Discovery Files

Scientists discover new isopod species in the Florida Keys

Tiny crustaceans are named after singer-songwriter the late Jimmy Buffett

Scientists at the University of Miami Rosenstiel School of Marine, Atmospheric, and Earth Science and North-West University in South Africa have discovered a new species of marine cryptofauna in the Florida Keys. Cryptofauna are the tiny, hidden organisms that make up most of the biodiversity in the ocean.

The roughly 3-millimeter-long isopod is one of only 15 species from the genus Gnathia known in the region. The newly discovered species, Gnathia jimmybuffetti, is a member of a group of crustaceans called gnathiid isopods.

The findings are published in the journal Bulletin of Marine Science. The study was funded by the U.S. National Science Foundation.

"It's a species that was previously unknown to science," said marine biologist Paul Sikkel of the Rosenstiel School. "It's the first new Florida gnathiid to be discovered in 100 years."

The tiny animals, found throughout the world's oceans, lead curious lives. The juveniles are most active at night and feed on the blood of fish, similar to how mosquitoes or ticks feed. The adults do not feed and live hidden in rubble on the ocean floor. They are grouped as parasites, organisms that require a living host for survival.
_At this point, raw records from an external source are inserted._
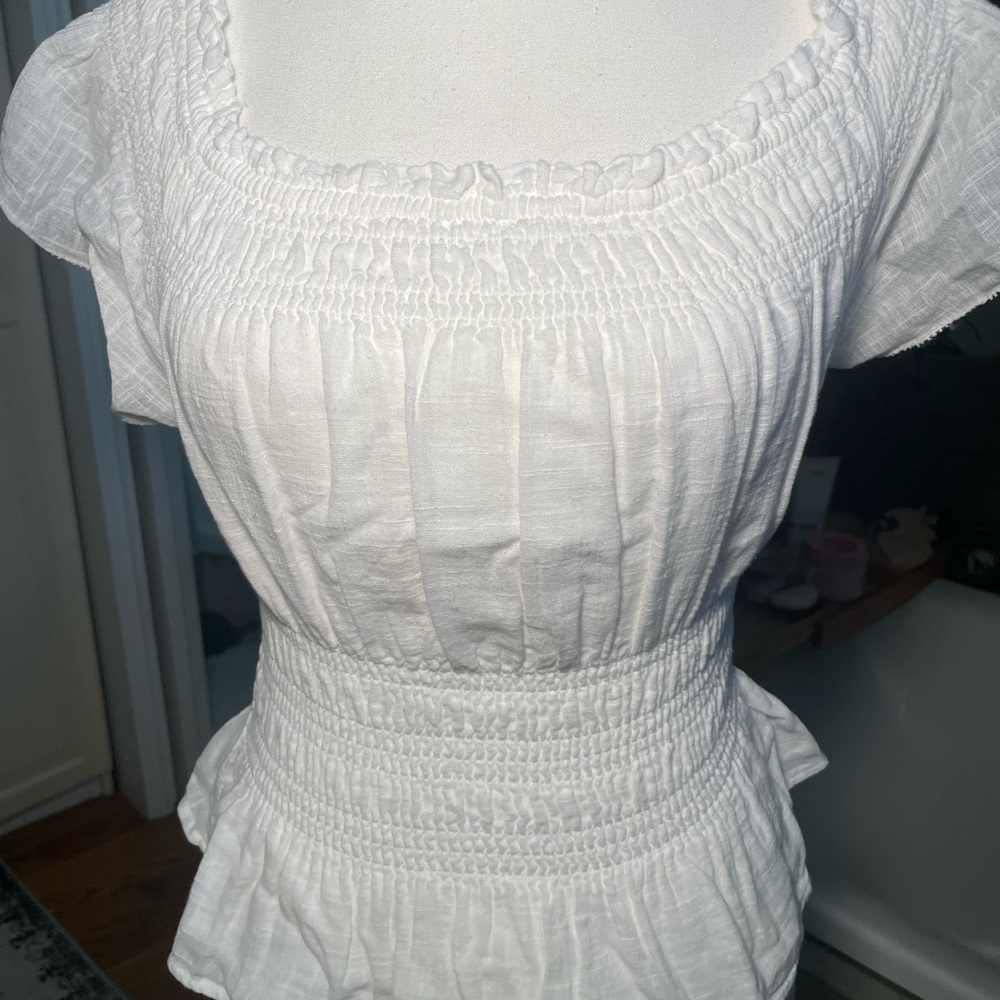 Abercrombie & Fitch White Smocked Peplum Blouse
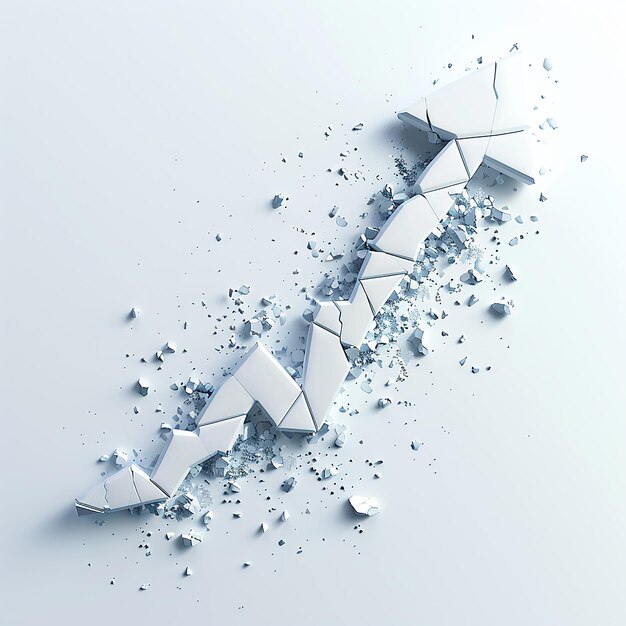 Photo isometric 3d rendering of a falling financial arrow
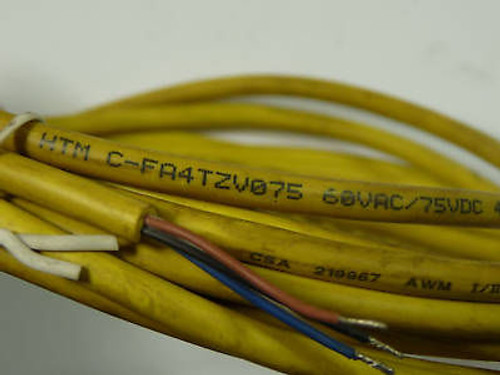 HTM C-FA4TZV075 Single Ended 90D Female Connecting Cable 4A 60VAC 75VDC 5m USED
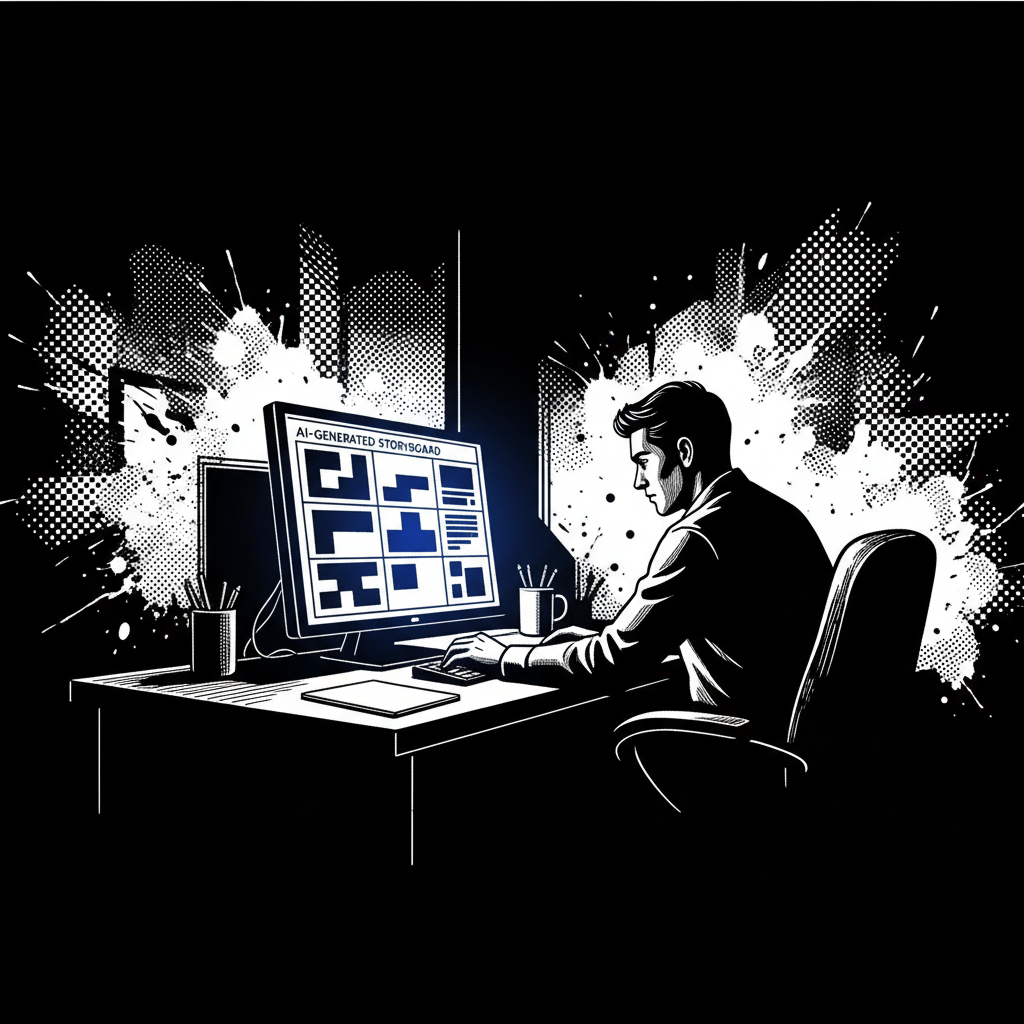 Modernes Künstleratelier, in dem traditionelle Pinsel neben holografischen Bildschirmen liegen, die KI-generierte Skizzen anzeigen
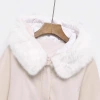 European and American cross-border women's autumn and winter parka, long-sleeved solid color fleece hooded jacket, zipper pocket Specification image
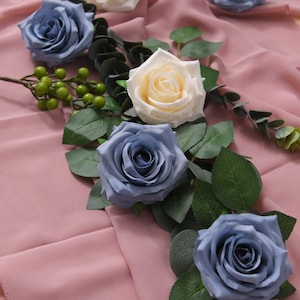 10-100pcs Artificial Flower Rose Dusty Blue Flower Heads for DIY Wedding Bouquets Centerpieces Arrangements Party Baby Shower Home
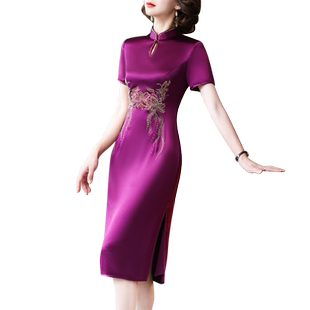 2023年夏季新款喜婆婆参加婚礼改良旗袍女气质优雅婚宴礼服连衣裙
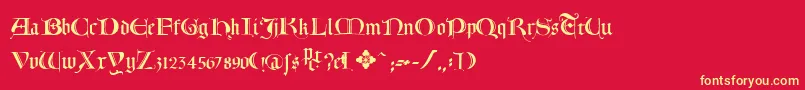 フォントLombardia – 黄色の文字、赤い背景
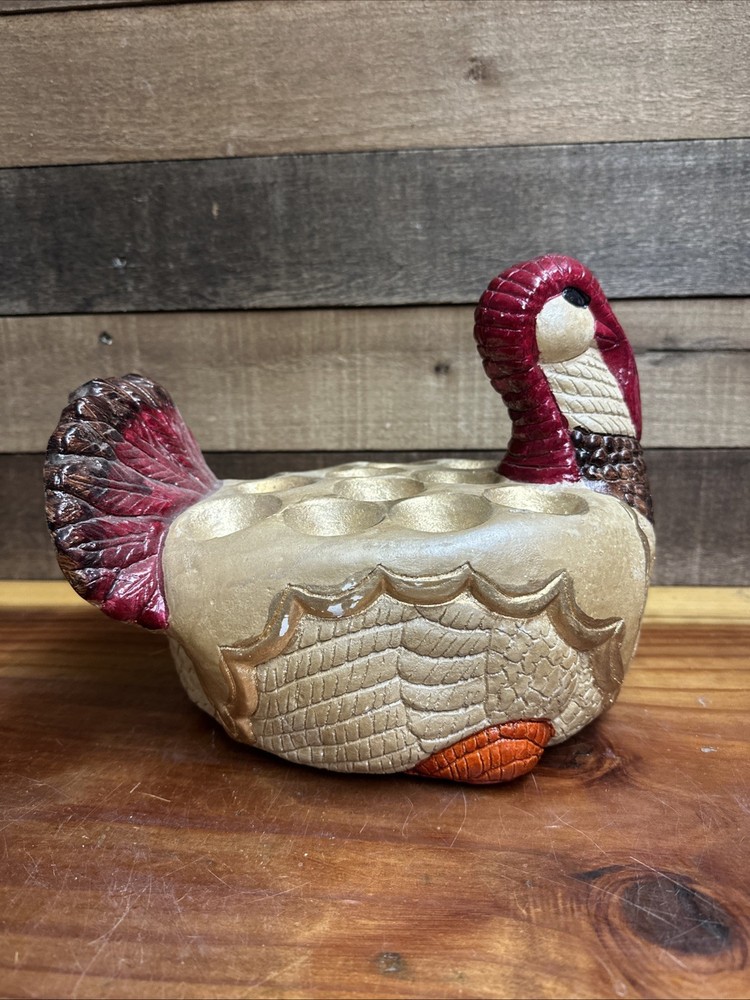 Handpainted Ceramic Turkey Deviled Egg Holder Platter Rare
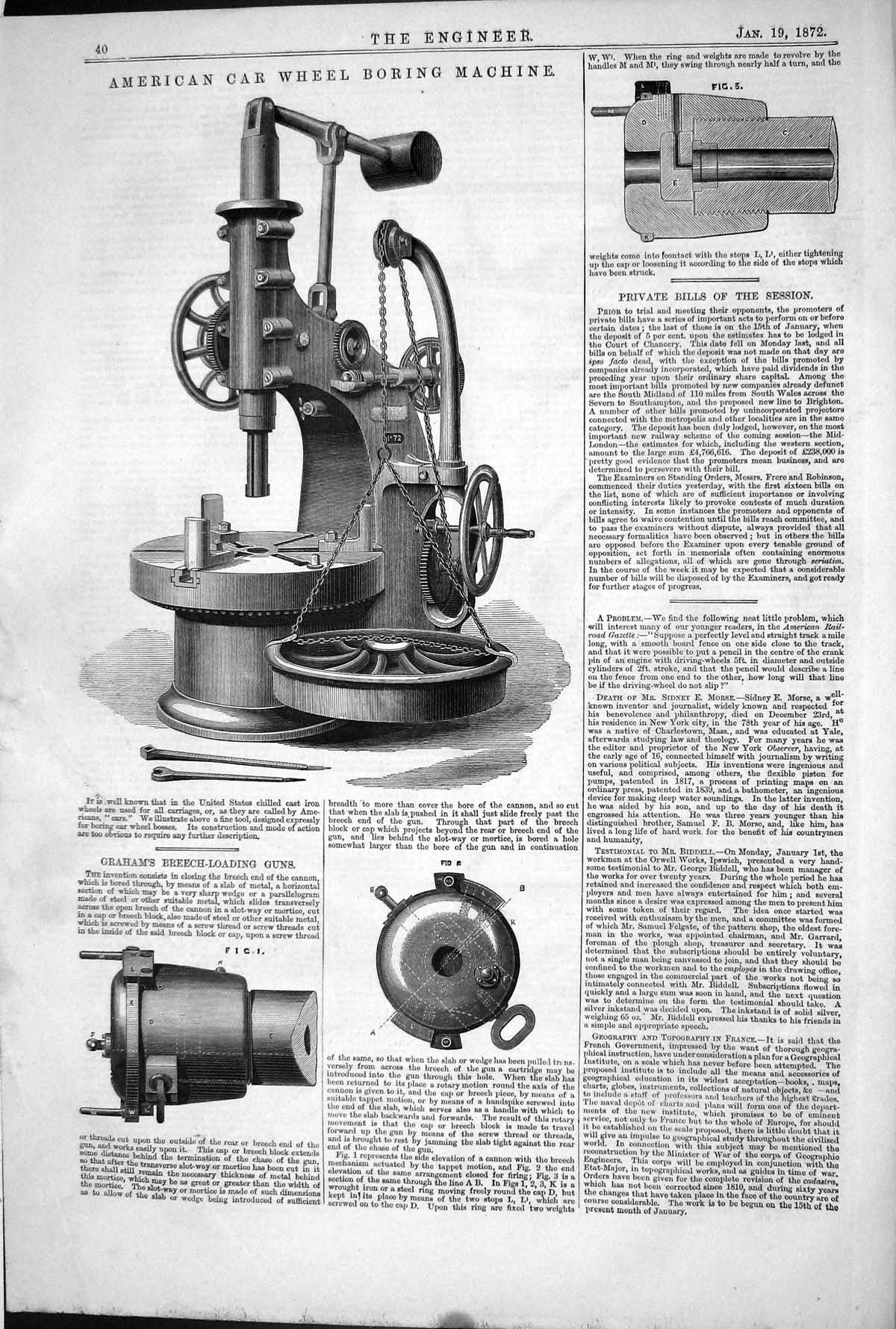 Old American Car Wheel Boring Machine Graham Breech-Loading Gun 1872 Victorian
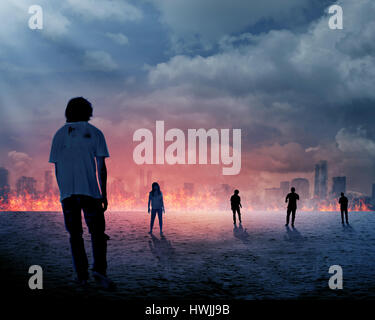 Group of zombie over burn city background. Halloween concept Stock Photo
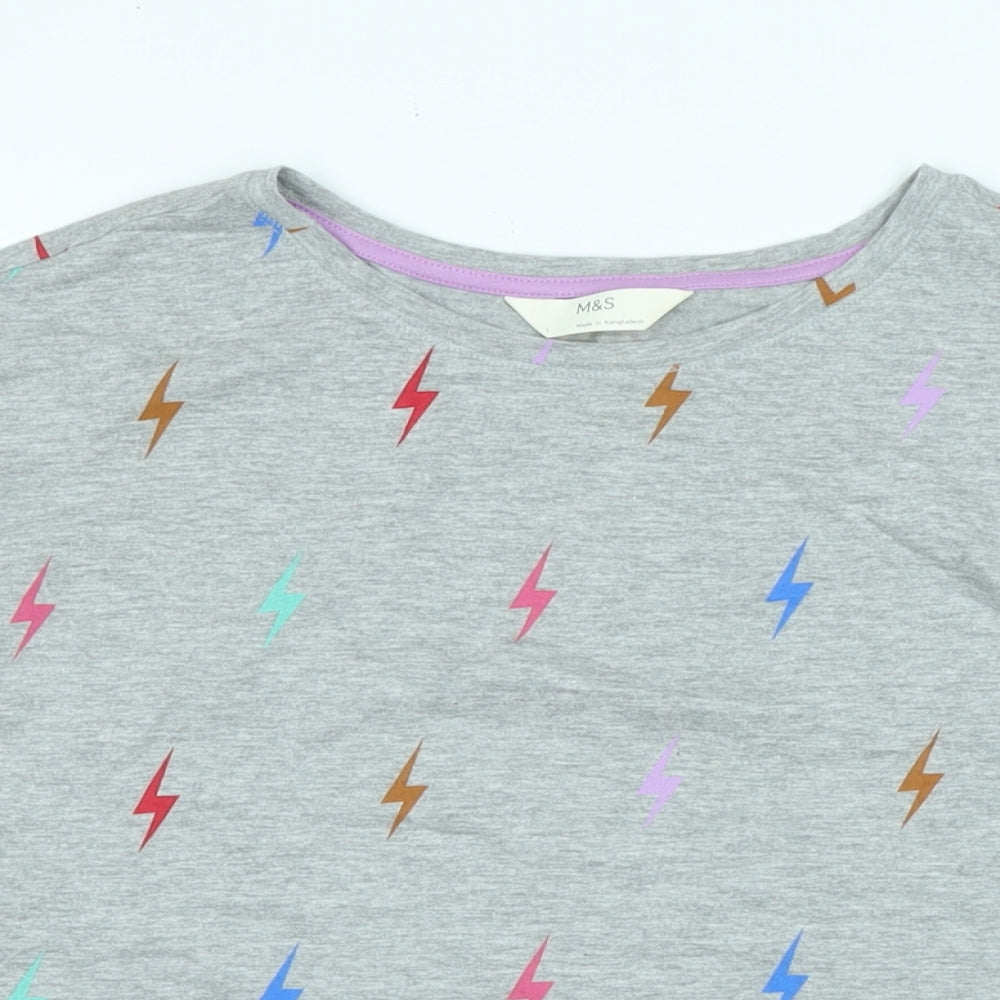 Womens UK Size L Marks and Spencer Grey Jersey T-Shirt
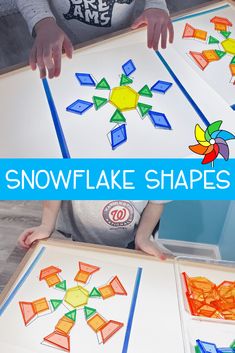 a child playing with snowflake shapes on the table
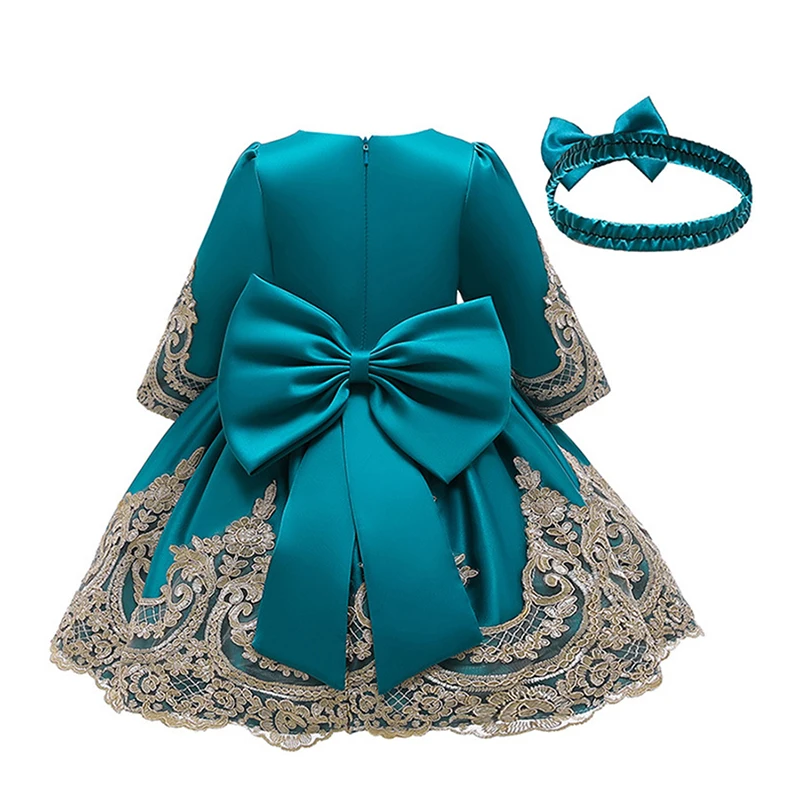 Детское кружевное платье с цветами одежда для крещения костюм принцессы на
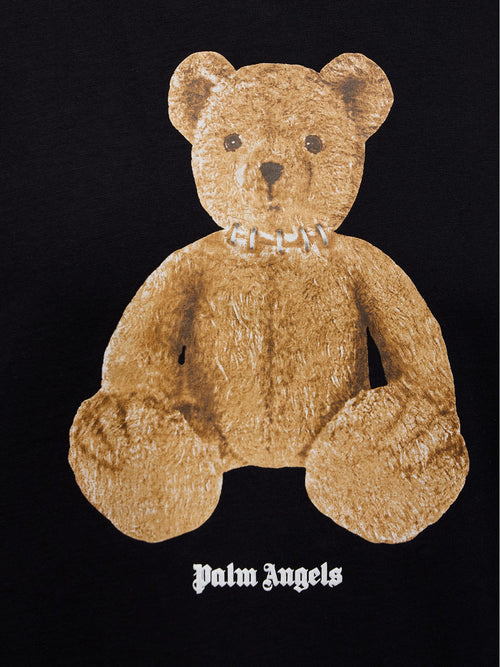 Palm Angels t-shirt Jersey- logo Teddy - Nero/Beige PE26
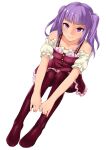  1girl absurdres alice_gear_aegis bangs bare_shoulders breasts closed_mouth dress feet frilled_dress frilled_sleeves frills fukuinu full_body highres hugging_own_legs ichijou_ayaka legs long_hair looking_at_viewer pantyhose purple_dress purple_hair purple_legwear short_sleeves simple_background sitting small_breasts smile solo twintails violet_eyes white_background 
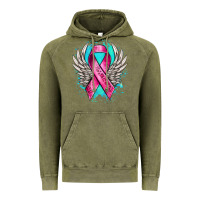 Vintage Olive cancer ribbon with angel wings Vintage Hoodie - NancyCooperArtShop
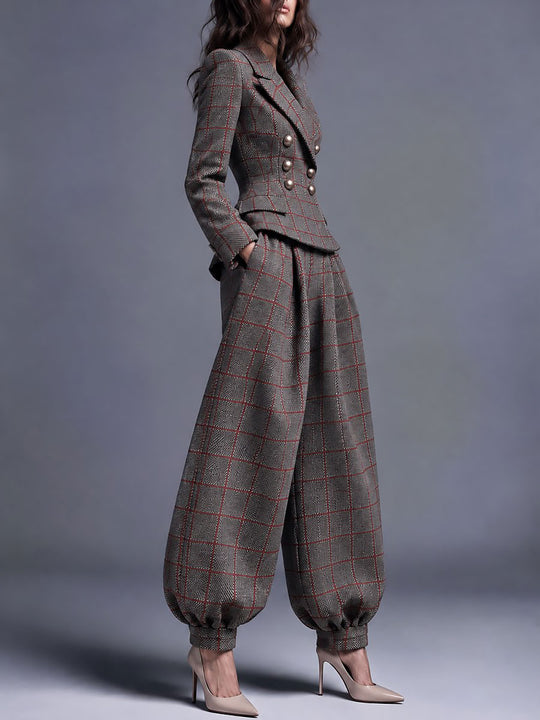Vintage Plaid Wool-blend Balloon Pants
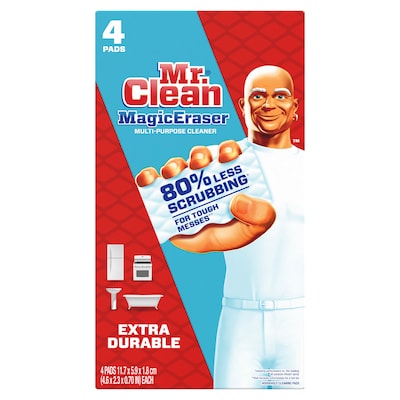 Mr. Clean Magic Eraser Extra Durable White Scouring Pad, 4/Pack (82038)
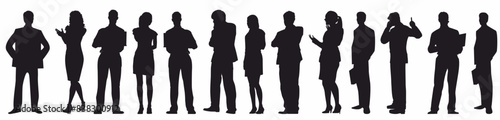 business people silhouette, team of man and woman. isolated on white background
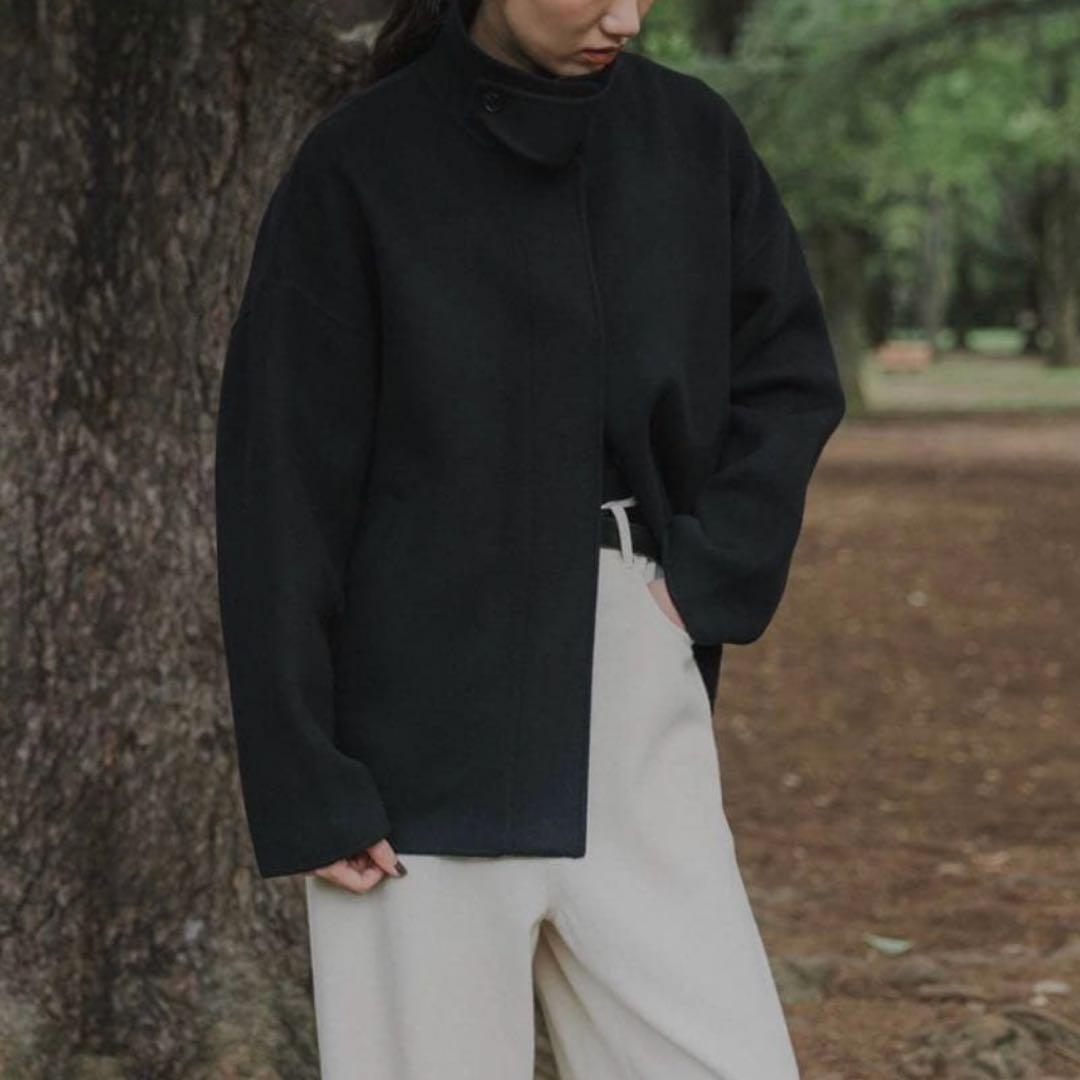 crewre クルーレ 2wayウールリバーショートコート サイズ3 ブラック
The severe marine heat waves off the coast of Florida and other regions that host coral reefs are concerning for species like Gnathia jimmybuffetti, which cannot swim to cooler waters. At above average water temperatures, mortality rates increase, and the abundance of gnathiids on reefs decreases significantly. These effects are likely similar for other small invertebrates that live in or near the bottom, which may have major impacts on coral reefs.

Since the species was discovered in the Florida Keys and the late Jimmy Buffett's music is synonymous with the region, the researchers named the new species Gnathia jimmybuffetti.

"By naming a species after an artist, we want to promote the integration of the arts and sciences," said Sikkel. "All species in an ecosystem play an important role and all species have something to teach us. As we discover new species, we are reminded of how many undiscovered species there still are."